Your answer must be the exact lines of the listing below that run from the line with "Application of teicoplanin" to the line with "Fig. 22 - ANTIBODIES", ends included, and no pictures.
*** Opening of Data records ***
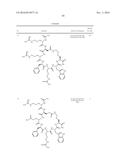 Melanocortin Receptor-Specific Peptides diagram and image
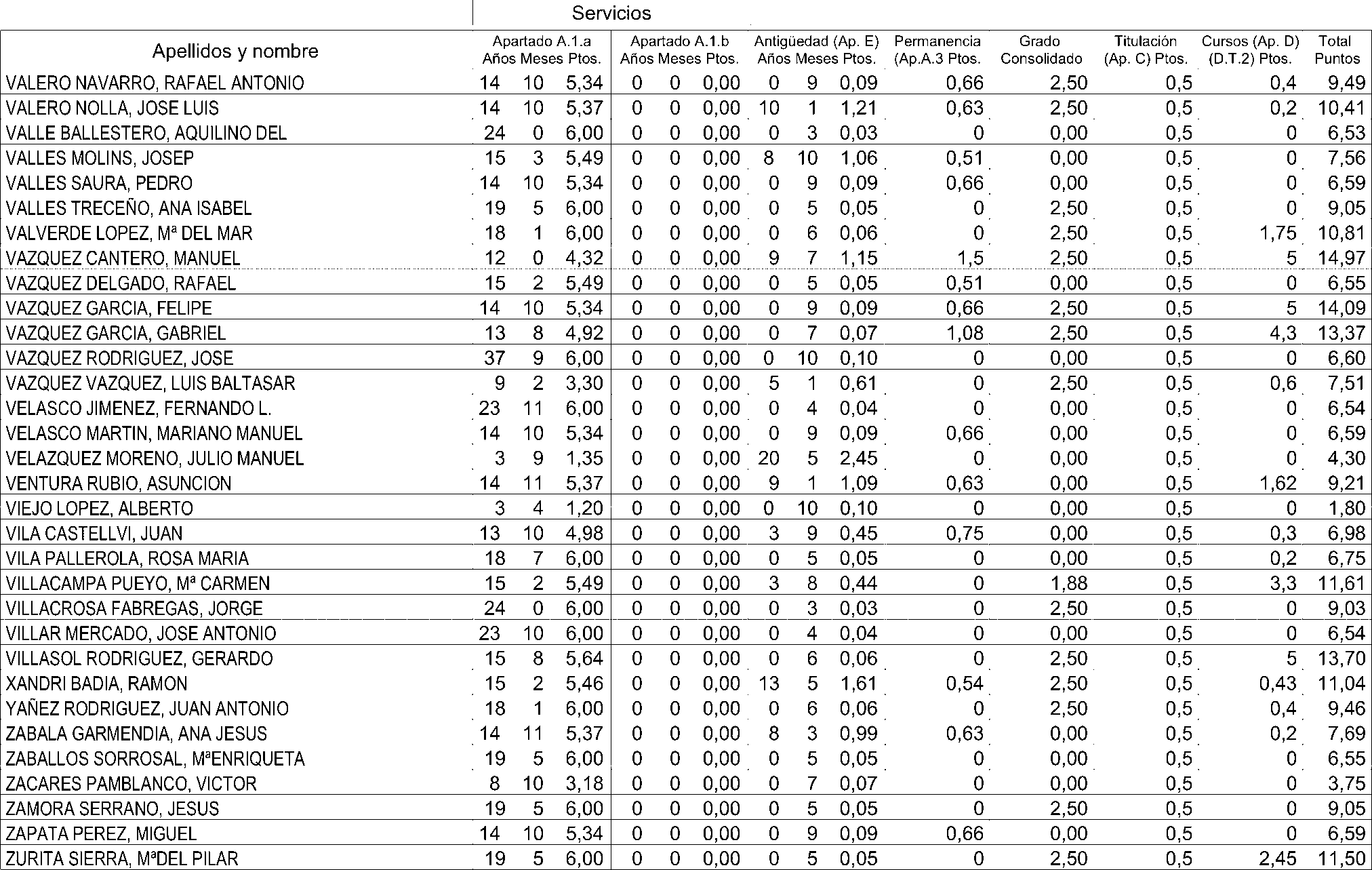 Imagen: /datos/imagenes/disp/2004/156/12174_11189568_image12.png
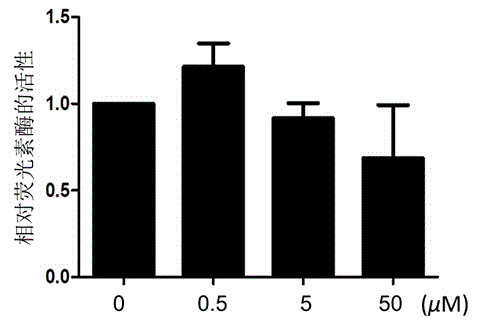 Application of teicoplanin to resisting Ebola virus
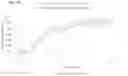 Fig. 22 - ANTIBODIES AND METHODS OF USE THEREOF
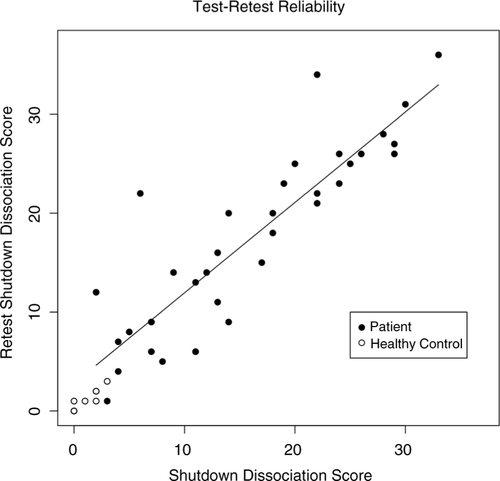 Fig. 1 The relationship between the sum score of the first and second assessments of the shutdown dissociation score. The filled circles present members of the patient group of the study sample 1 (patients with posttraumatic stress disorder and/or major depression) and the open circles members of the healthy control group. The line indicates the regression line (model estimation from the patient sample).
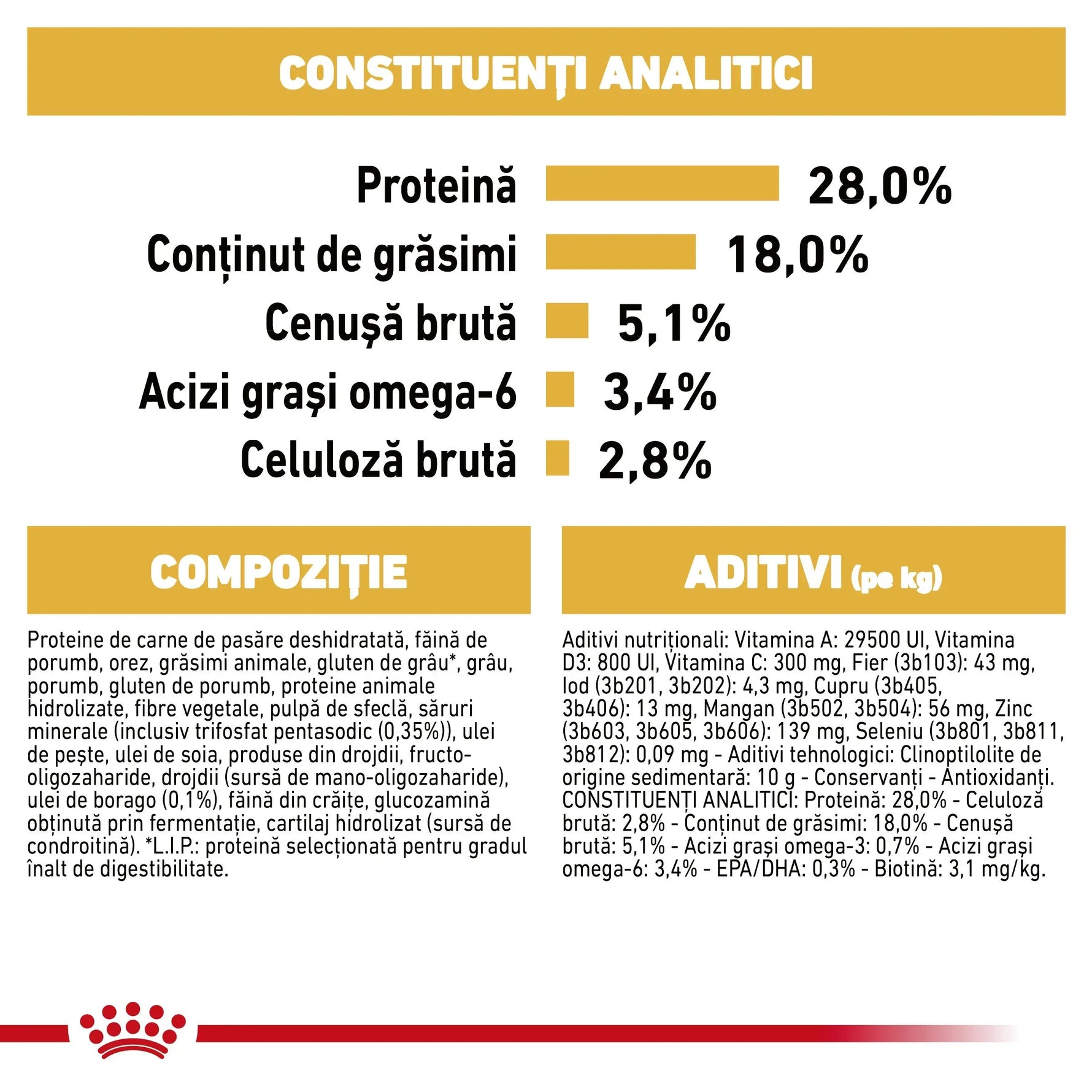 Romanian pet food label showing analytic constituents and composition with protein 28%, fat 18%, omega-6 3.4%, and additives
*** Close of Data records ***
## Exercise response:
 Application of teicoplanin to resisting Ebola virus
 Fig. 22 - ANTIBODIES AND METHODS OF USE THEREOF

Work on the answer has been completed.